WHY STUDY URBAN POLITICS?

Peter John
At its most straightforward, urban politics is about authoritative decision-making at a smaller scale than national units – the politics of the sub-national level. Examples of urban politics are a mayor’s decision about what policy to follow in a city, the consequences of a neighbourhood participation exercise, or the decision of a locally important business to relocate away from an area, with a loss of jobs and income. In other words, urban is local. Of course, it is not possible to separate out neatly the local from national or even international politics as each one affects the other, particularly in an era of ever-deepening global influences (Sellers, 2005); and national decision-makers affect what happens in places like cities just as local decisions have a knock-on effect higher up.
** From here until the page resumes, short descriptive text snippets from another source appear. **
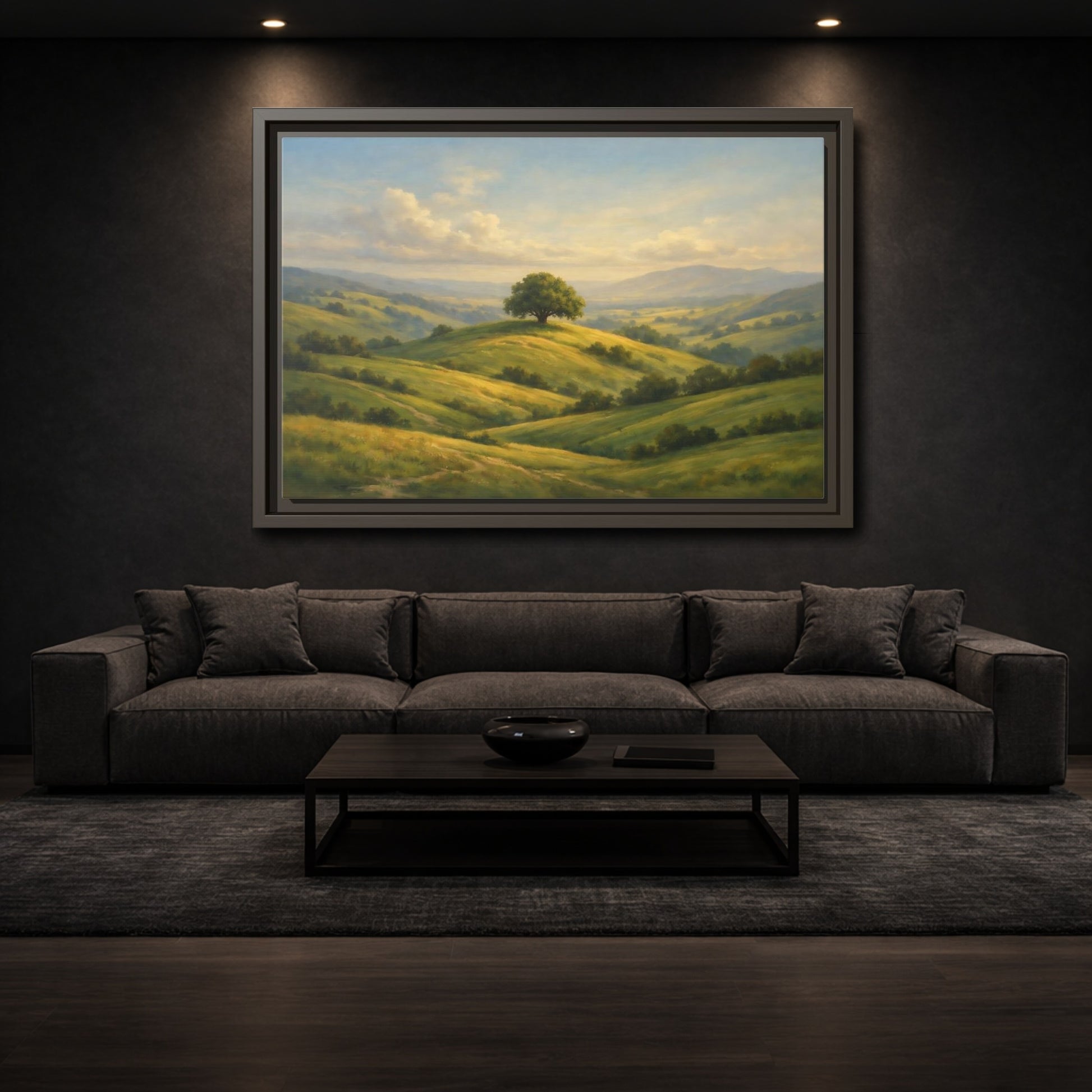 Mockup 2. Nature Solitary Tree Green Landscape shown as stretched canvas wall art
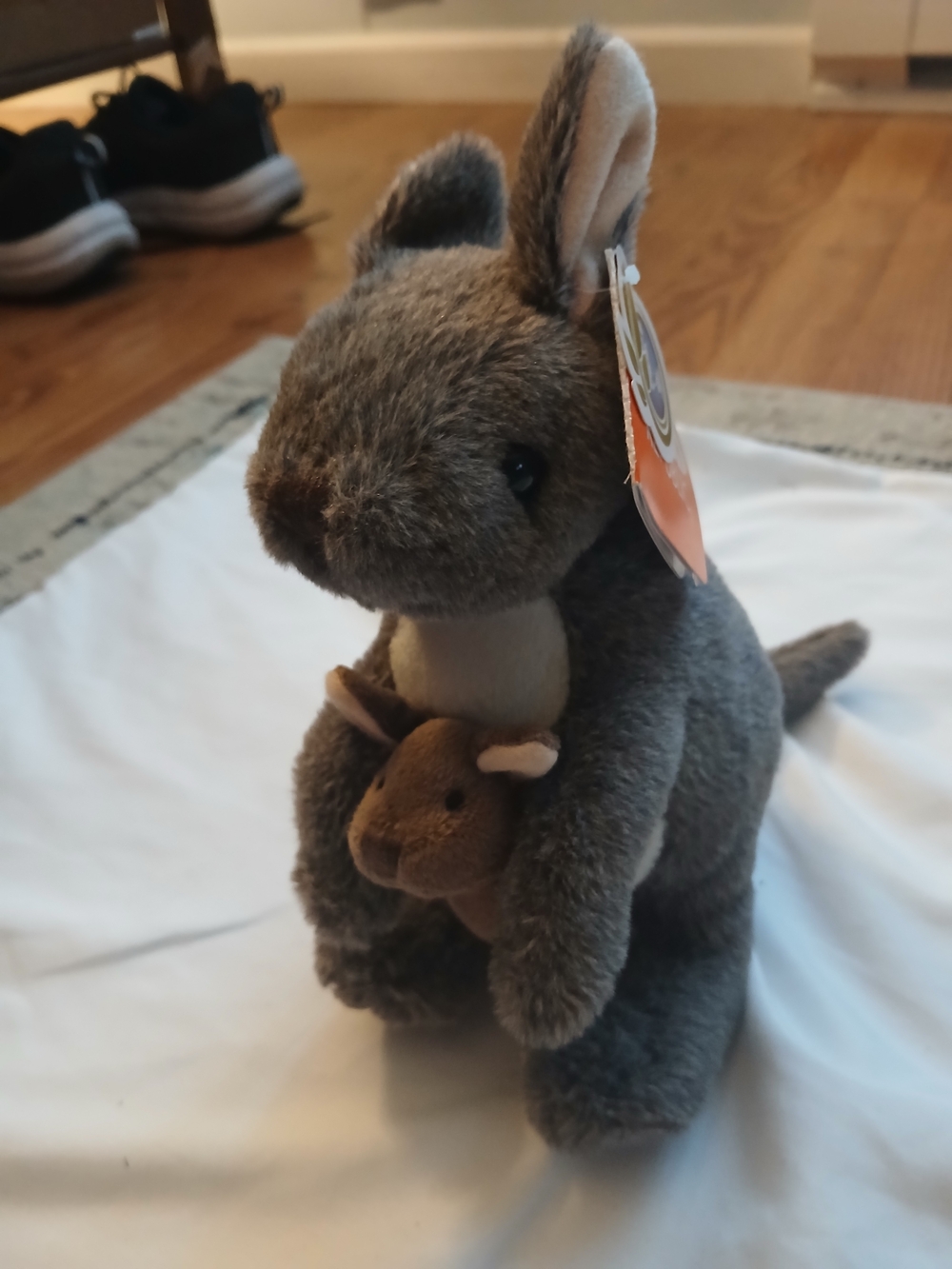The Wild Republic Gray Tan Kangaroo w/ Joey Mini Plush Stuffed Animal Toy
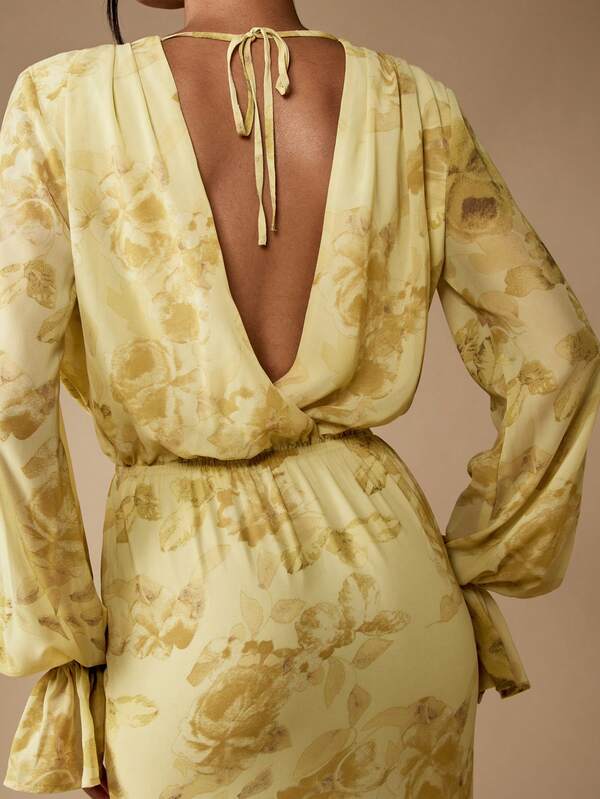 MISSGUIDED Floral Cowl Neck Maxi Dress With Blouson Sleeves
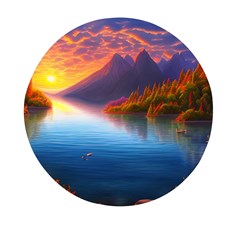 Immaculate Sunset Mini Round Pill Box by GardenOfOphir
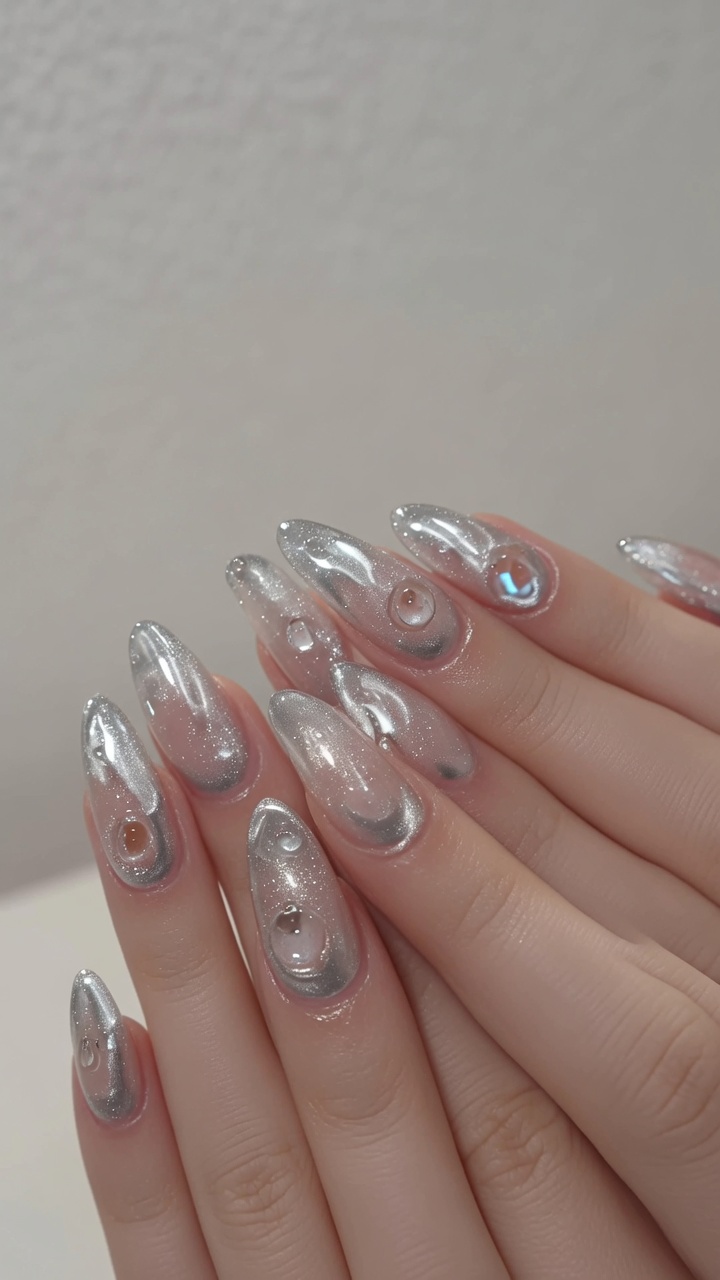 Uñas Jelly con Brillo y Gotas de Agua 3D: Tutorial Paso a Paso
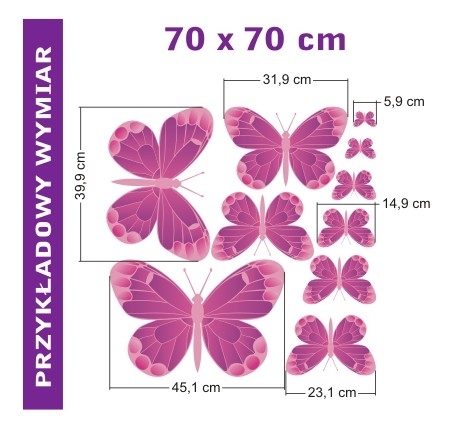 Naklejka motyl różne wymiary ścienna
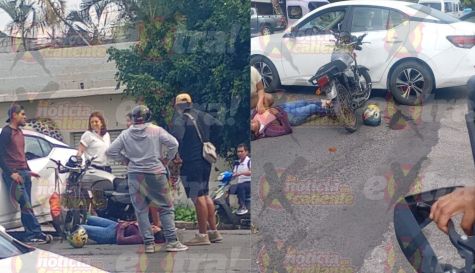 Motociclista accidentada en Cuautla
But the focus of the interest is at the sub-national level with particular reference to the political actors and institutions operating there. As with all definitions in the social sciences, the context is multidimensional and the boundaries are fuzzy, but it is usually clear when a topic is primarily about urban politics and when it is not.
Urban in the dictionary means relating to a city, which denotes dense built-up areas and centres of population as opposed to rural and less populated places. Indeed, most of the study of urban politics is about cities, which means that some writers think that urban politics is about ‘the politics in urbanised communities’ (Stoker, 1998: 120). But such a limitation marginalises vast tracts of non-urban areas – and the people who live and work there – and also counts out units that transcend urban areas, such as regions. In any case, it is also impossible to define where the boundary is between urban and non-urban. And what about suburban areas? Is not rural life highly urbanised in many respects? There is also a geographic bias in the use of language, with most researchers in Europe happy with the local politics tag, whereas the US has the urban politics definition. Probably the urban epithet is winning over, with its extensive use in the less developed world and in Asia. In Europe since the 1970s, there has been a move to replace the use of the term ‘local’ with ‘urban’ (Young, 1975; Dunleavy, 1980), partly to emulate US intellectual endeavours, but also to signal that local politics is not as a previous generation of scholars assumed it was; that is mainly about describing local political institutions and expressing the ideal of local self-government. Urban is associated with the importance of city processes, such as population movements, employment changes, and the political conflicts that arise from the intensity of economic competition and ethnic diversity of many cities, something that is heightened by the increasing urbanisation of modern life across the world.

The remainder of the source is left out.